United States

United States

Industry bat study has experts puzzled -- No connection with wind turbines

When FPL Energy, the biggest US wind developer, recently announced funding for a pair of new bat study projects, industry watchers wondered what link the initiative might have between wind power and bat mortalities. As the unexpected discovery of bat kills in a wind farm in Canada has revealed (Windpower Monthly, February 2006), it is an issue of considerable mystery, debate and concern.

"I don't think you should link these projects to wind turbines," says Steve Stengel of FPL. "We just think it's in our best interest and we think it's in the wind industry's best interest to learn as much as we can about bats."

Conservation initiative

FPL began work with BHE Environmental last summer to develop its bat conservation pilot initiative. BHE, a nationally recognised leader in the biology and management of bats, made contact with the US Fish and Wildlife Service, the US Forest Service and several state departments of natural resources, as well as academicians, private landowners and other non-governmental organisations.

Out of 27 submissions to participate in the research from seven states, FPL chose two projects. One project, in West Virginia, will evaluate the controlled burn of 400 acres and encourage female maternity roosting of the endangered Indiana bat and other bat species. The other project, in Oklahoma, will study the use of bat-friendly gates in winter roosting caves -- home to about 70,000 Myotis bats.

"There is such a limited amount known about general bat biology," says Russ Romme of BHE. "The more we learn, the more options we might have available in terms of conservation options. But the project does not have a link to any particular wind farm."

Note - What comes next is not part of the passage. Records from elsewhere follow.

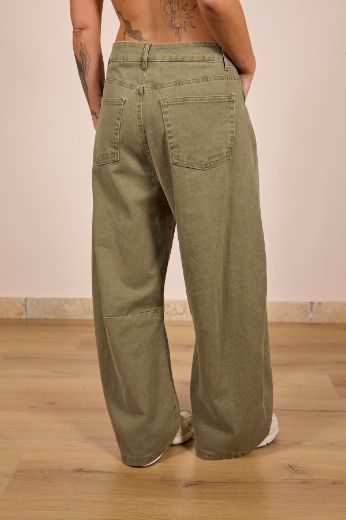 Immagine di PANTALONE BALOON - Disponibile in CORDA, VERDE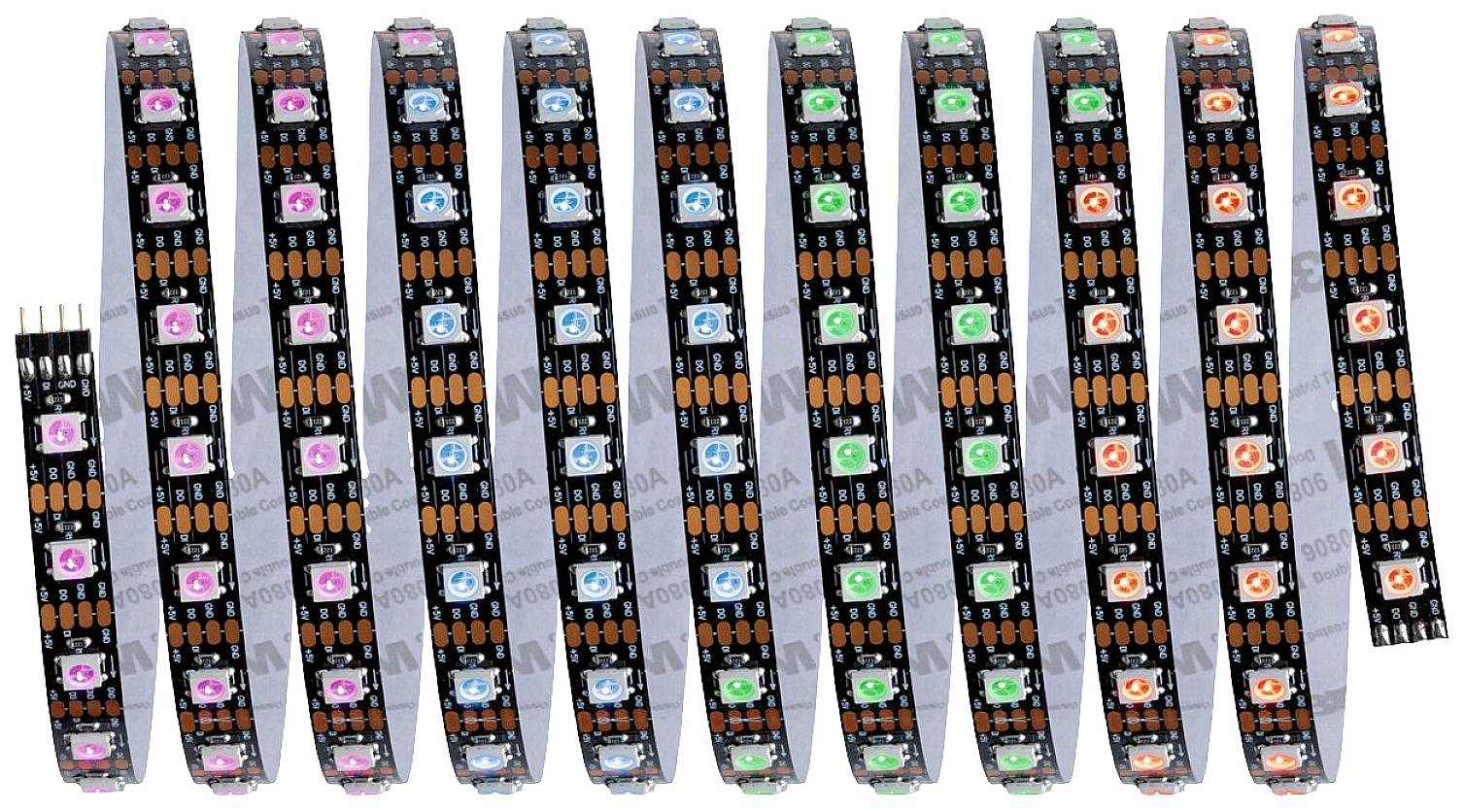 Paulmann 78887 LED-Streifen-Basisset mit Stecker 3m RGB 1 Set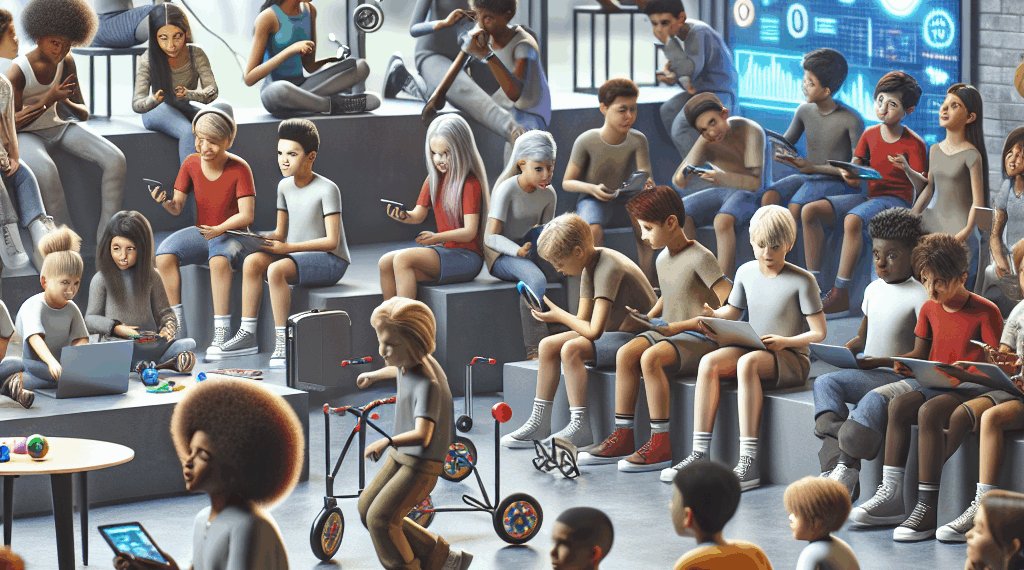 Generación alfa, un segmento clave dentro de la industria de consumo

That has at least one bat expert scratching his head. Ed Arnett of the Bats and Wind Energy Cooperative met with FPL officials in February 2005 to talk about bat initiatives. "They had put together a group within FLP--engineers, environmentalists and others," says Arnett. "We presented a package of options and the top priorities at that point were to compare bat interactions between moving and non-moving turbines." What the data showed, says Arnett, is that there were more bat fatalities on low-wind nights. "If we had been able to generate a few million dollars, we would have done a full study."

Solving the problem

Arnett agrees that the new projects are interesting. "We applaud the efforts," he says. "But one has to ask why you would put money there and not into the science of solving turbine-related problems as soon as possible. The longer it is until we get that data, the longer we're going to be killing bats."

FPL's Stengel realises that there are those who will be looking at the new initiatives for what they don't accomplish. "But the main thing is that we know more about bats today than we knew six months ago. And six months from now we'll know even more than that," he says.